Some years ago a news article brought attention to the obvious. We’re drinking more bottled water.
Not just in the US, either. Bottled water consumption is up significantly all over the world. Is there something wrong with tap water?
Most of the US has clean tap water, yet the demand for bottled water has reached a new high. The cost is staggering.
On a shopping trip to the grocery store, I saw some bottled water at $2.00 a liter. That’s $8 a gallon. Gasoline in Hawaii is about $4.50 a gallon.
Forgotten in the glut of bottled water options at the local store is the bottles. The news reported that an average American drinks one eight-ounce bottle of water per person, per day.

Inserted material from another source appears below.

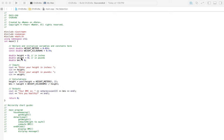Next we've got our variables: height, weight, and BMI. I've initialized them all to zero. In the next area we've got our inputs, and we're going to ask for the height in inches and ask for the weight in pounds.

America has a population of just over 300-million people. That’s 365 days a year of bottles times 300-million people. If my math is accurate, that’s over 100-billion bottles. Yearly. Just in the US.
Where do the bottles go?
Some states have recycling efforts and laws and taxes which make the bottles more valuable, so they get collected and recycled.
How much? Not enough. The Container Recycling Institute says about 86-percent of our bottled water bottles end up in the garbage.
How long will they stay there? Some estimates say they’ll still be there in 1,000 years.
Bottled water is convenient and affordable (even at 1,000 times the cost of tap water, Tera?), and unless we plow our cars through bottle trash like snow plows during a Northeastern snow storm, we’re not likely to change our drinking habits any time soon.
It’s the numbers that scare me. If too much of something is bad for us, then a reduction should be better for us.